→ **ABOUT THIS EXERCISE**
In how many lines of the records does "then" appear? Answer with one number.

→ **AVAILABLE DATA**
-=-=-=-=-
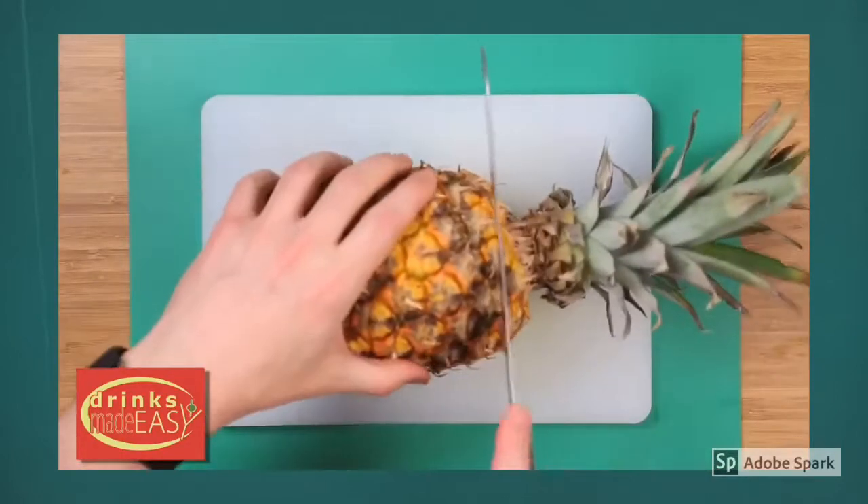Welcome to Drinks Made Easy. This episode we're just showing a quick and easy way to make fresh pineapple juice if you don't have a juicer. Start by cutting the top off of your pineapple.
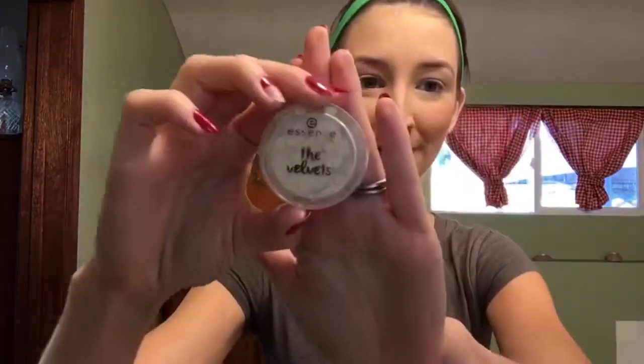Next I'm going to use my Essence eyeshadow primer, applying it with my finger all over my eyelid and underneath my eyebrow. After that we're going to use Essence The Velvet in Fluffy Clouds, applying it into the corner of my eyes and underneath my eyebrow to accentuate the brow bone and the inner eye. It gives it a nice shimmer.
-=-=-=-=-
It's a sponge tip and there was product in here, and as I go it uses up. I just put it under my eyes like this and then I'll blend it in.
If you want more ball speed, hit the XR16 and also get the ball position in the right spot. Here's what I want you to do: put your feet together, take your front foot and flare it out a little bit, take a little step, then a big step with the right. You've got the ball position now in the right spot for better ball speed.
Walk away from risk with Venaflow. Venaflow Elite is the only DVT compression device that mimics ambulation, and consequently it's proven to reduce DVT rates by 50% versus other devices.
-=-=-=-=-
→ **RESPONSE**
2